Hector, disregard my previous message. Can you edit your docker-compose.yml file add the runtime: nvidia to the section for you solution as shown below. Then, try it again locally using docker-compose ($ ./run_docker_compose.sh)

    # The solution container runs control code for a single robot. This
  # solution container connects to the first bridge, and therefore controls
  # the X1 robot.
  solution1:
    image: ssci_unified:latest
    networks:
      relay_net1:
        ipv4_address: 172.29.1.2
    environment:
      - ROS_MASTER_URI=http://172.29.1.1:11311
    runtime: nvidia
    privileged: true
    security_opt:
      - seccomp=unconfined
    depends_on:
      - "bridge1"

@azeey pointed out that you might also need to add this.

privileged: true
security_opt:
  - seccomp=unconfined

osrf-migration commented 5 years ago

Original comment by Hector Escobar (Bitbucket: hector_escobar).

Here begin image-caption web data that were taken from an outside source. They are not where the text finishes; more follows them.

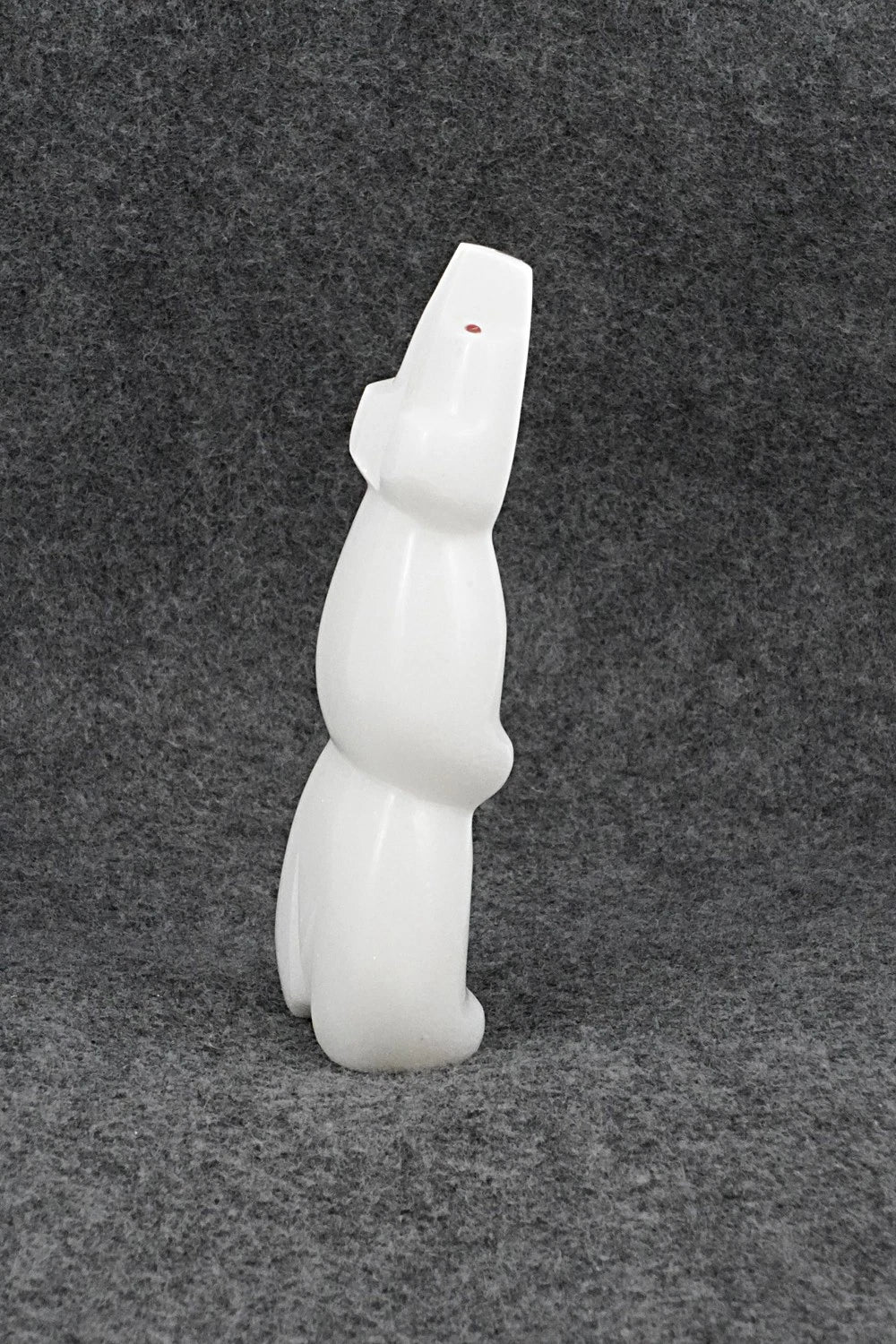 Bear Zuni Fetish Carving - Kenric Laiwakete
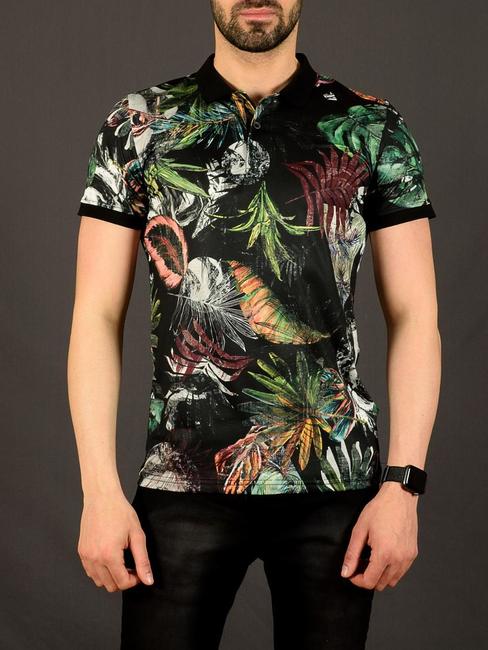 08 - Мъжка черна тениска с яка на цветни тропически листа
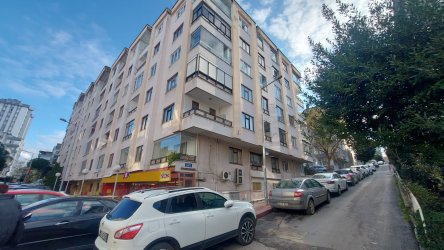 BAHÇELİEVLER MAHALLESİNDE SATILIK KELEPİR 3,5 + 1 ARA KAT DAİRE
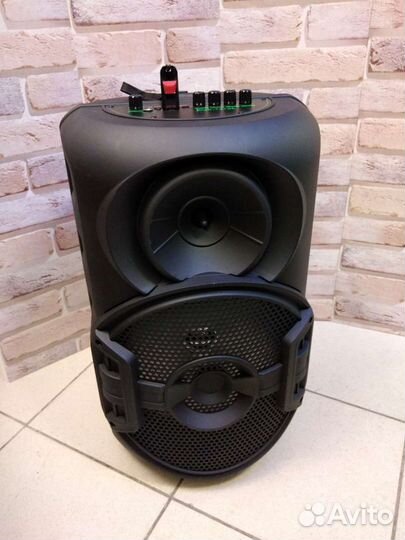 Колонка с блютуз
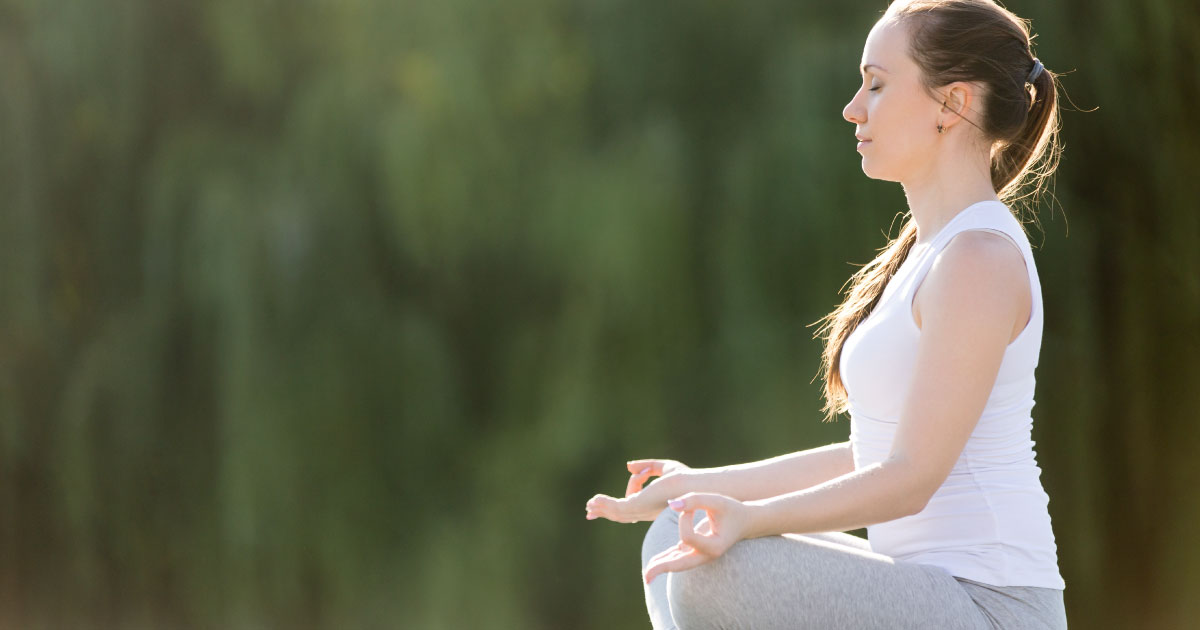 foto de uma mulher meditando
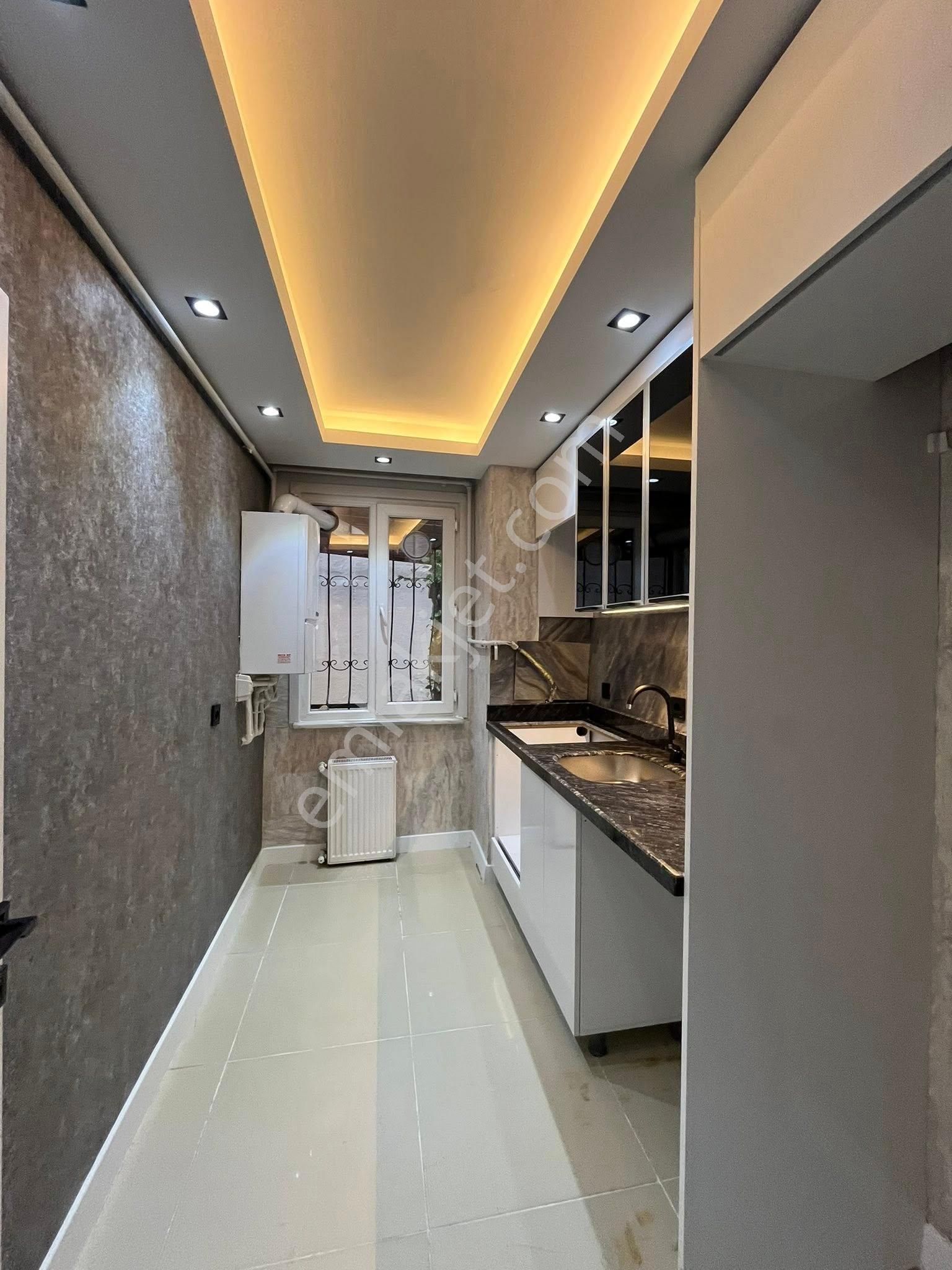 Metrobüs Yakın Bütik Site İçinde 2+1 Bahçeli Ferah Satılık Daire - Görsel 3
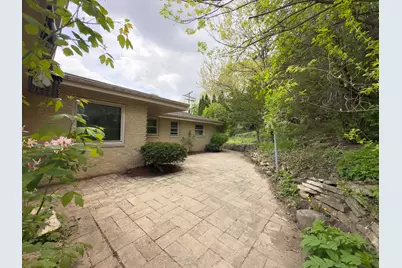 10731 W Keefe Ave, Wauwatosa, WI 53222 - Photo 26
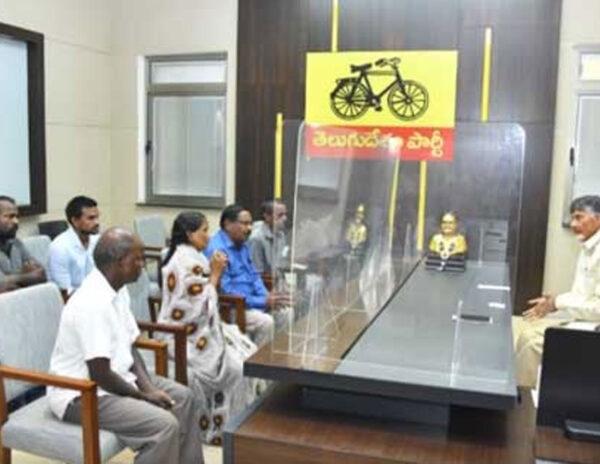Driver_Subramanyam_Family_Met_Chandrababu_Naidu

Alfredo Bencomo (bencomo) ,

That worked! I just added the runtime: nvidia and is ok now.

Would this be a fix you need to do on the actual cloudsim??

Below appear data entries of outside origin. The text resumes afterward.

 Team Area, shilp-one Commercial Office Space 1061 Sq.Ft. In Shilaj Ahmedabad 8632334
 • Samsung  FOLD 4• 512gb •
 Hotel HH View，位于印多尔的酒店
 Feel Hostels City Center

osrf-migration commented 5 years ago

Original comment by Alfredo Bencomo (Bitbucket: bencomo).


Hector,

I’m glad your solution now works with docker-compose. Regarding the cloudsim, I’m checking right now.

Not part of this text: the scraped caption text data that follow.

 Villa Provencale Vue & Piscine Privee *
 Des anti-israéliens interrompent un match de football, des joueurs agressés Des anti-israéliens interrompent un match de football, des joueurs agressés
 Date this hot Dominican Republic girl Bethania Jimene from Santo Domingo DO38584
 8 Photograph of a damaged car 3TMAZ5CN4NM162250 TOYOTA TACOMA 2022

BTW, did your solution find any artifact when you ran it with docker-compose ?

osrf-migration commented 5 years ago

Original comment by Hector Escobar (Bitbucket: hector_escobar).


I didn’t let it run that much. I’ll run the simple_tunnel_02 with docker-compose instead and test if it detects anything.

Thanks again!

osrf-migration commented 5 years ago

Original comment by Alfredo Bencomo (Bitbucket: bencomo).


I just confirmed that Cloudsim doesn’t need any fix, so the Error: InitializationFailed is not related to this issue. I’m going to resolve this one since you can now use 'docker-compose` locally with your solution.

osrf-migration commented 5 years ago

Original comment by Alfredo Bencomo (Bitbucket: bencomo).


osrf-migration commented 5 years ago

Original comment by Alfredo Bencomo (Bitbucket: bencomo).